Understanding Concurrent Transmission: a Generic Platform for Complex IoT Applications

Current resource-constrained, low-rate wireless networks face prohibitive latency: they lack support for the sub-millisecond, multi-hop interactions between densely deployed distributed sensors and actuators that would enable or greatly benefit envisioned cyber-physical applications, such as real-time feedback control and privacy-preserving distributed inference. This dissertation argues that that gap might be overcome by re-thinking how wireless transceivers use symbols, the smallest units of information in digital transmissions. In particular, this dissertation introduces and prototypes the symbol-synchronous wireless network architecture, in which the use of wireless symbols is reconsidered in three ways.

First, this dissertation introduces symbol-synchronous modulation, a physical-layer technique wherein nodes strive to relay symbols within a small fraction of the symbol duration after observing them, rather than accurately recovering sequences of symbols from a given origin. By exploiting incoherent physical signals as well as a novel notion of synchrony, this approach causes an end-to-end communication channel to emerge that enables nodes across a mesh network to communicate with the contention-agnostic end-to-end latency that was formerly reserved for wired fieldbuses. Experiments on a 25-node wireless optical test bed in a laboratory setting demonstrate, for example, the propagation of a two-byte frame across four hops in less than one millisecond.

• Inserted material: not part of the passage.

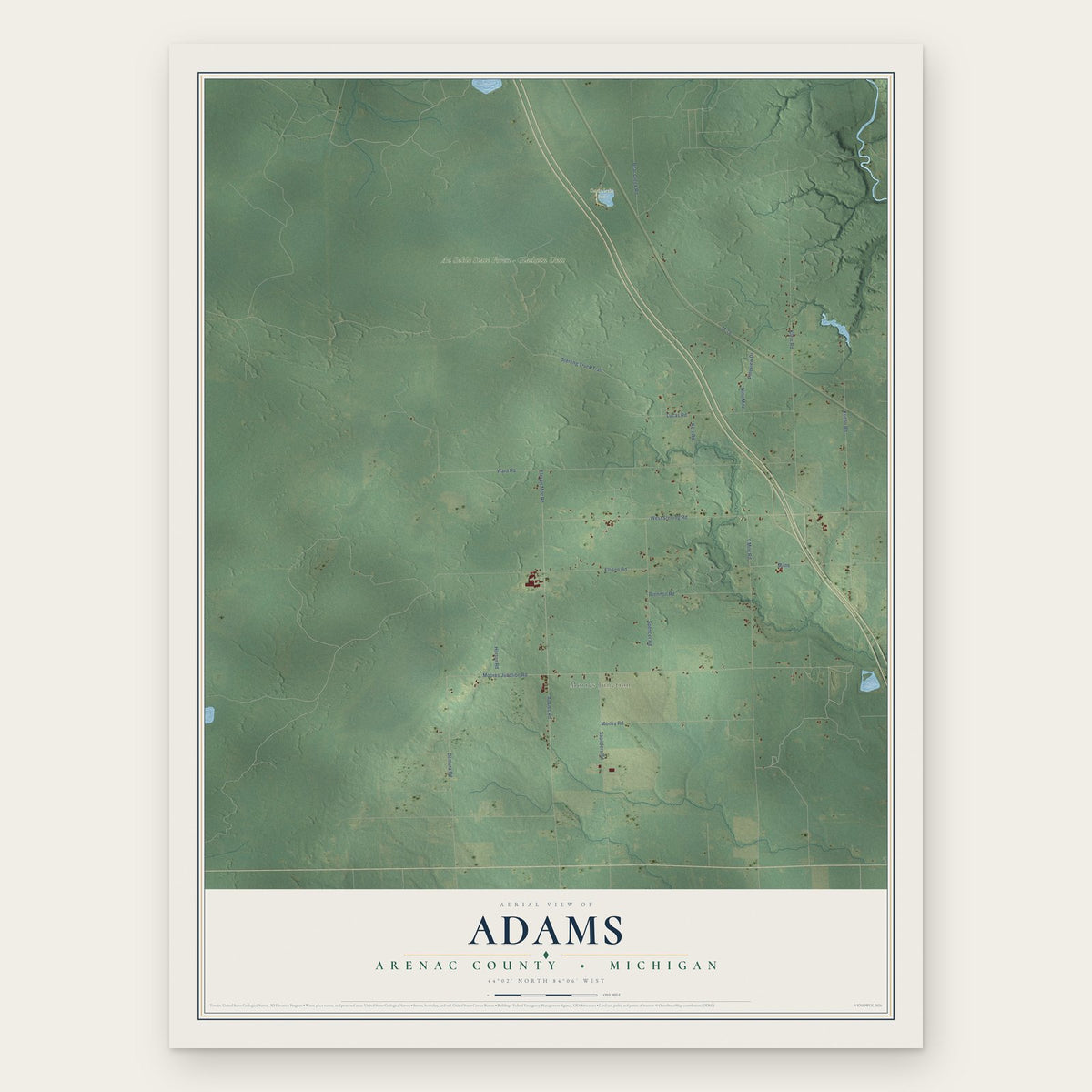 Adams, Arenac County, Michigan map print, the full design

Secondly, this dissertation introduces collages, a link-layer technique with which symbols interact over the air to compute a series of maxima over small integers that are concurrently transmitted by several nodes. By adjusting the distribution of integers with respect to the number of concurrent transmitters, collages can be made to convey aggregate properties of distributed data, rather than that data itself. Bayesian analyses show that the collection of such aggregates, when interpreted relative to prior application knowledge, accelerates real-time classification: the same level of classifier performance can be attained in 15–50% less time, when compared to conventional network stacks.

Thirdly, this dissertation introduces ambiguous transmissions, an application- layer technique that adjusts the mapping of sensor data to and from the symbols comprised in collages. Adjusting said mapping enables the estimation of a collection of histograms that, lossily and in context-dependent ways, describes the network-wide data distribution, rather than enabling the reliable and context-free recovery of node data. Said context is provided by, for instance, developer-provided hints about application semantics, such as the available latency budget and the amount of measurement noise. Experiments reveal that such transmissions permit the tuning of networks for latency-bound rather than reliability-bound performance, accelerating data collection for high-noise wireless sensing problems, such as those involving locally differentially private sensor data, by 25–75%.

The result of this threefold approach is a network architecture wherein its components interact with one another through low-latency rather than reliable interfaces, repeatedly deferring failure handling to components that operate at higher levels abstraction. As such latency-first network design reveals considerable follow-up research opportunities, this dissertation concludes by sketching future directions for the development of mature symbol-synchronous hardware, as well as for the more general problem of devising engineering approaches that enable the construction of resource-constrained wireless communication systems in ways that are demonstrably better aligned with application semantics.